### Work request
Only some lines are wanted: please transcribe exactly those from the one containing "Juego de mesa" through the end of the data, pictures excluded.

Web page caption snippets

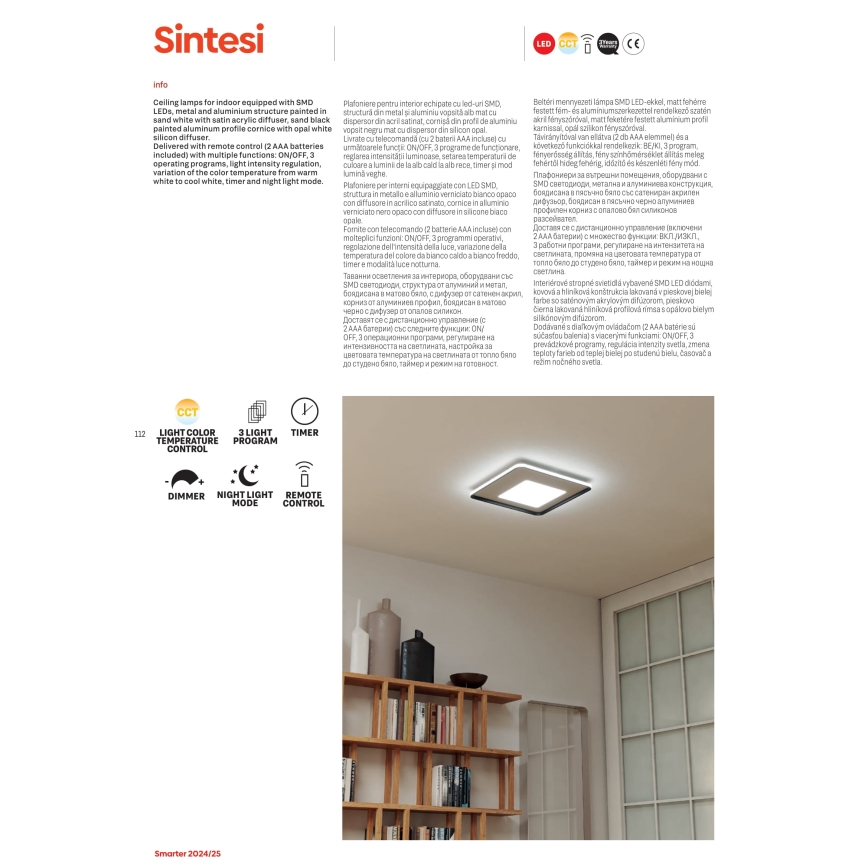 Redo 05-961 - LED prigušiva stropna lampa SINTESI LED/53W/230V 45x45 cm 3000-6000K + daljinski upravljač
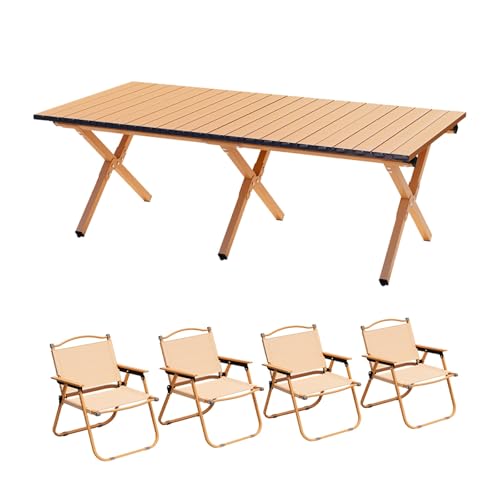 Juego de mesa portátil con 6 sillas, mesa de madera de 120 cm, incluye bolsa para exteriores, playa, camping, balcón, y piel al aire libre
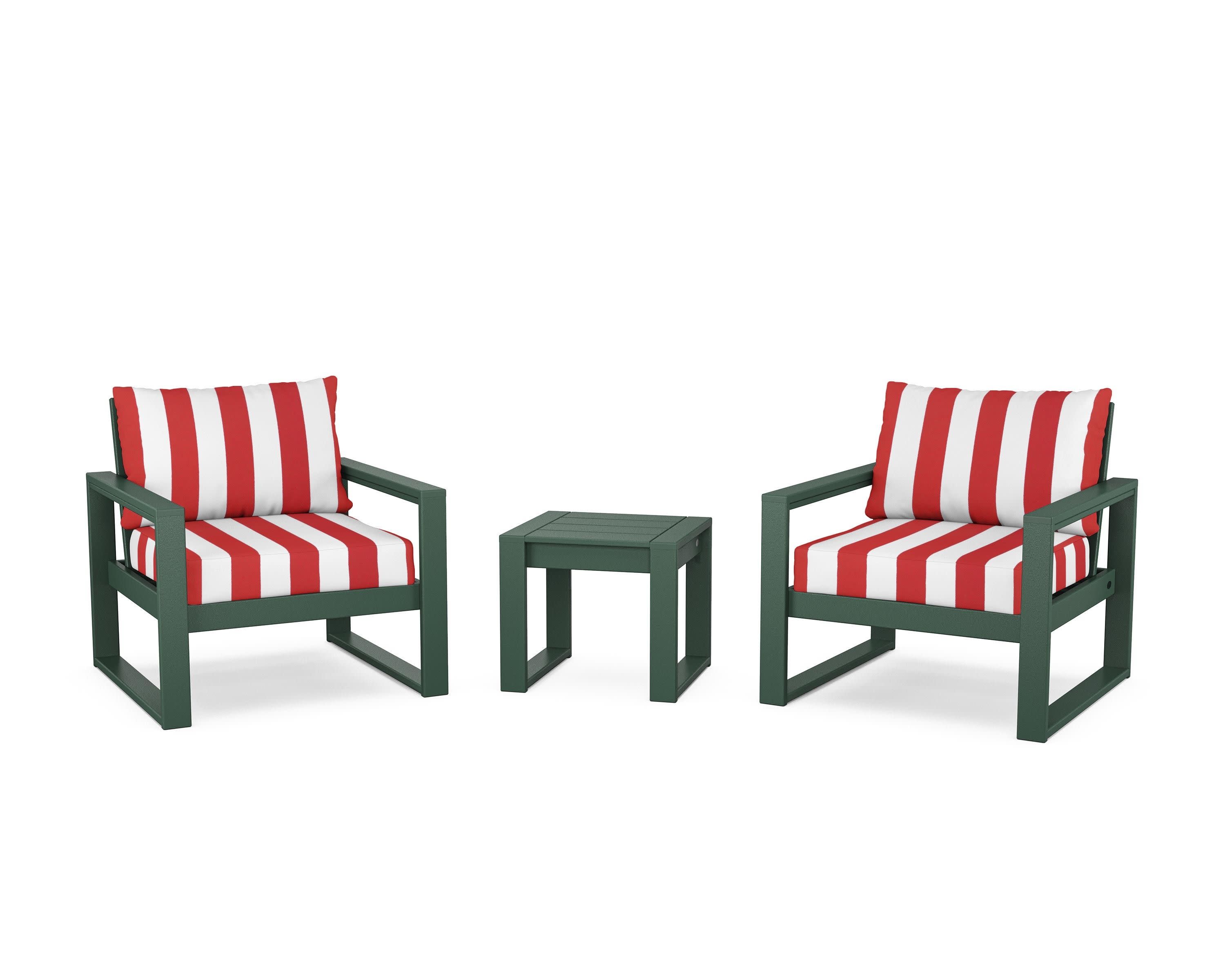 EDGE Sectional 3-Piece Deep Seating Set in Green / Cabana Stripe Crimson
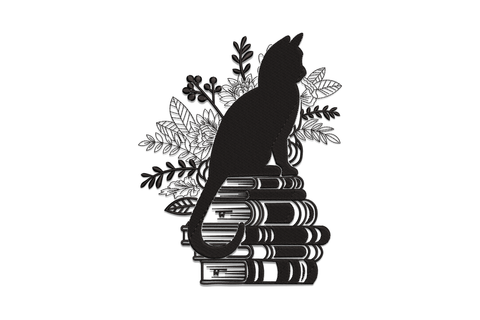 Black cat silhouette sitting on a stack of books with botanical leaf and berry outline stitching surrounding the composition
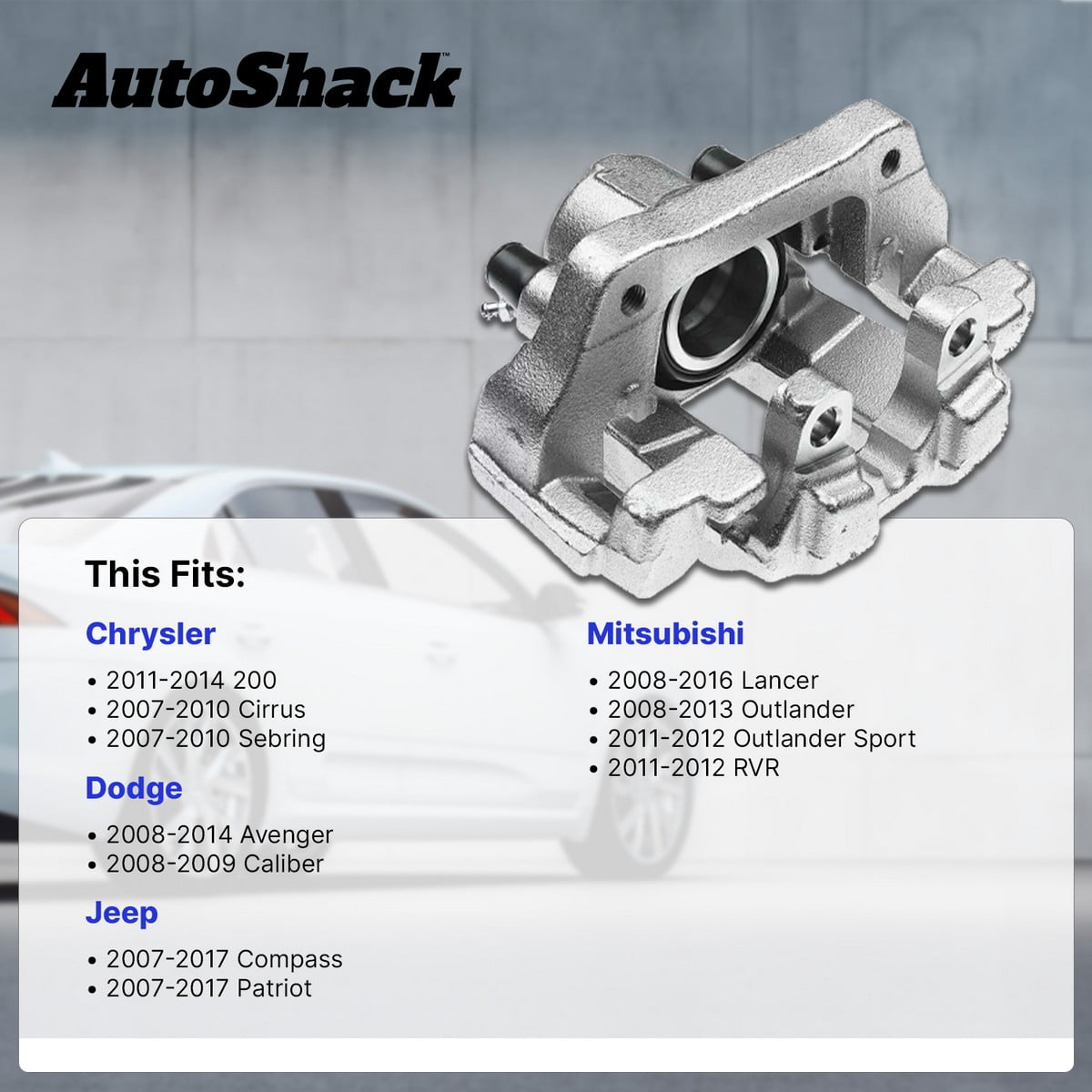AutoShack Rear Brake Caliper for Jeep, Dodge & Chrysler, Patriot 2007-2017 Compass 2007-2017 Avenger 2008-2014 200 2011-2014, FWD AWD 4WD L4 2.0L 2.4L V6 2.7L 3.5L 3.6L, Left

### Solution for this problem
 Juego de mesa portátil con 6 sillas, mesa de madera de 120 cm, incluye bolsa para exteriores, playa, camping, balcón, y piel al aire libre
 EDGE Sectional 3-Piece Deep Seating Set in Green / Cabana Stripe Crimson
 Black cat silhouette sitting on a stack of books with botanical leaf and berry outline stitching surrounding the composition
AutoShack Rear Brake Caliper for Jeep, Dodge & Chrysler, Patriot 2007-2017 Compass 2007-2017 Avenger 2008-2014 200 2011-2014, FWD AWD 4WD L4 2.0L 2.4L V6 2.7L 3.5L 3.6L, Left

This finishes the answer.